It’s been awhile since I last posted. I realize now that the reason for this is not that I don’t have things to say but rather I’m not confident my voice is worth hearing.
This strikes me as sad. It’s true, I lack self confidence. I’m pretty sure to those close to me that’s never been a secret. But as an adult, as a person who is starting to really catch glimpses of the passage of time, I’m beginning to feel an urgent need to overcome this nonsense. I don’t have forever and before I know it it could be too late.

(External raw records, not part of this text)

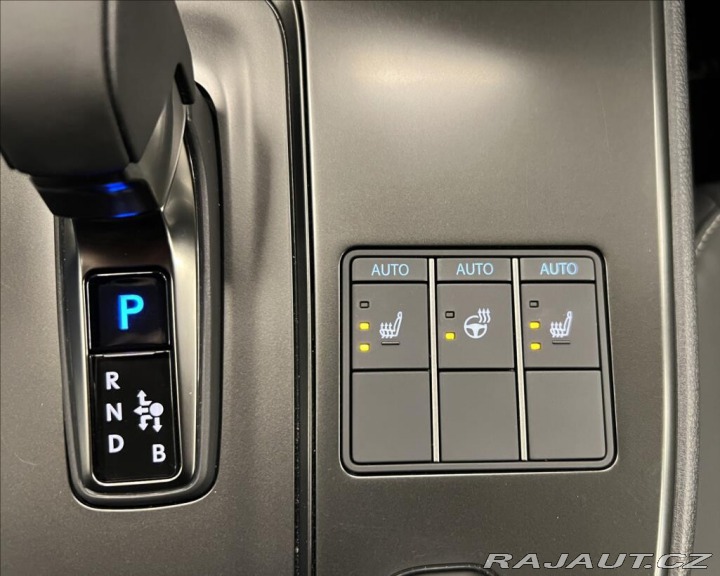 Lexus Ostatní modely UX 300h 300H 2,0 HEV F SPORT DESI 2025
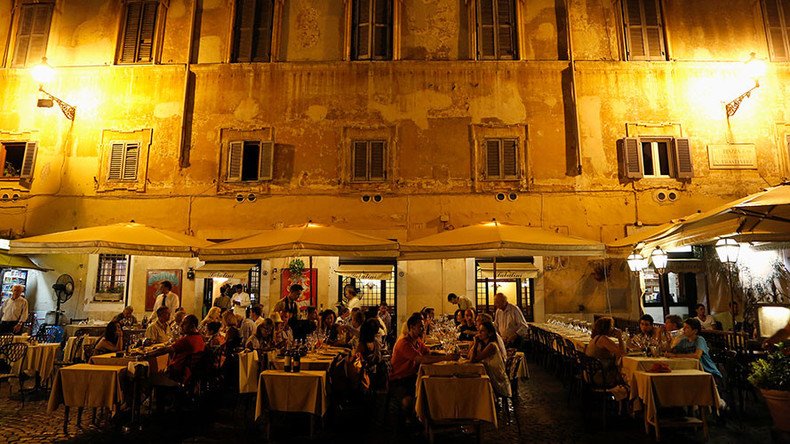 Italian restaurant offers 5% discount to families with well-behaved children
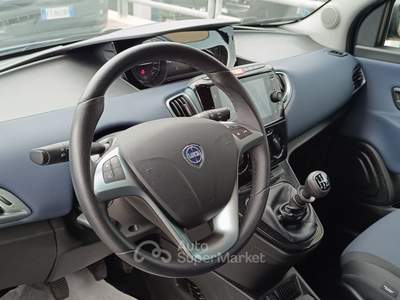 Lancia Ypsilon Platino Blu/Azzurro usata Modugno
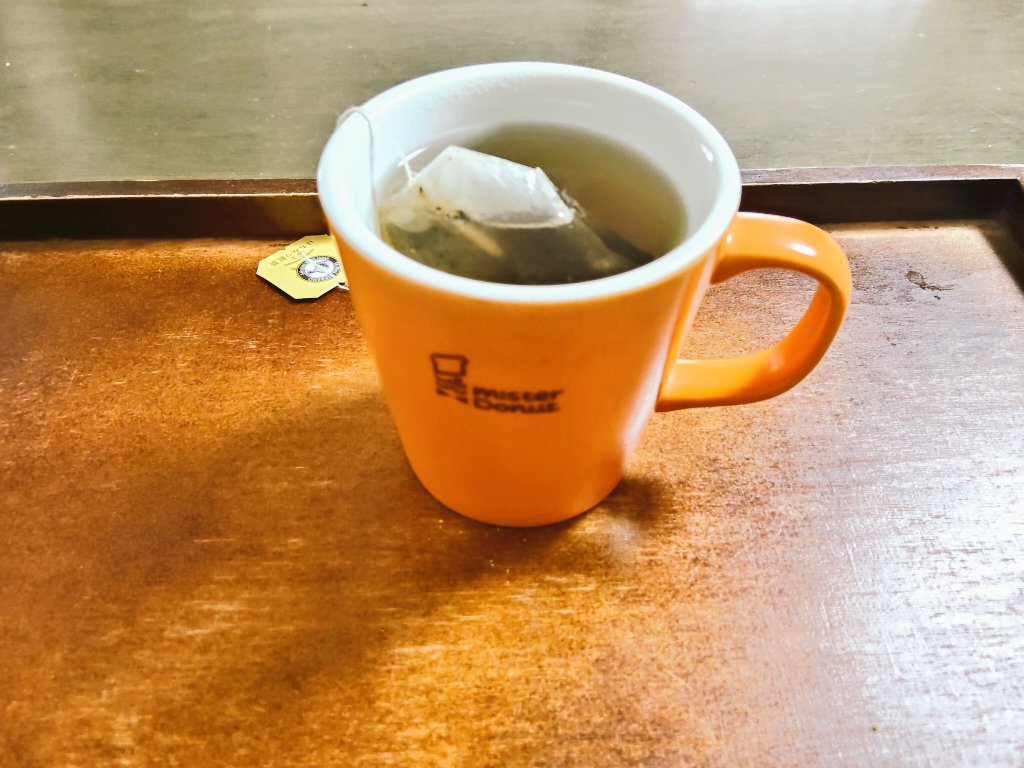 mapple777a's tweet photo. コキンちゃんからはちみつ紅茶を
頂きました🙏🏻🐝🍯☕️謝謝🙏
そのままで甘くて美味しい🤤☕
朝から飲んだらアメリカンセレブになった気分になれそう笑☕🇺🇸
追いはちみつしてもありかも🙆🏻‍♀️
この手軽さは凄いです︎🫶🏻 https://t.co/f35jqbTzn1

But why do I feel such a deficit of self worth? Is it simply that I care too much what others think of me? Sure, that’s a common malady and one that I most certainly suffer from. Is it merely that embarrassment is almost physically painful for me? Of course, that would make one shy from being heard. Is it possibly that whole messy business of being raised a women in a culture that makes very clear, women are meant to be seen and not heard? Yes. Yep. That one.
I know it’s a tired subject for many. A cliche that turns off a crowd in an instant. But it truly affects how I view myself. And when I examine why this feeling of worth eludes me, I wonder if it comes from my failure to reach the standards that women are judged by.
Women are applauded for being beautiful, thin, sexy, without flaws, accommodating and without opinion. I know this not only from what I witness in the media but from my own experience of not being most of those things (I can say that “without opinion” is not my strong suit). Women should not be heard because they have nothing important to say, right? We are ornaments, and for those of us who are not attractive enough to be decorative, we are irrelevant. I was taught this. I am still being reminded of this. It affects how I exist. It affects my sense of worth.
I do not claim that it is men that have created this system. I think it is an established order held in place by both of the sexes. Women feed into it when they solely concern themselves with their appearance. When they willingly apologize for existing or having a challenging opinion. When they raise there children within these culturally enforced parameters, not allowing the growth that comes from new life to take us in another direction.
But, I want to break away from this. I want to say “fuck you” and live as an unabashed, unapologetic, free-to-create-and-make-mistakes person. I want to express my thoughts and not feel ashamed. If creating is the purpose of our lives, I don’t want to waste mine wondering if my creations are worth making. Is that even a question that needs to be asked?
So, painfully, I am trying to open myself up to….myself. I am a woman with flaws. I am not a supermodel, or anything close. I make mistakes, struggle against this life, have thoughts that are worth considering and hope that one day I can make a contribution that will help others. Because that’s the point of all this. I don’t want to miss out waiting for someone else to tell me I’m allowed to be me.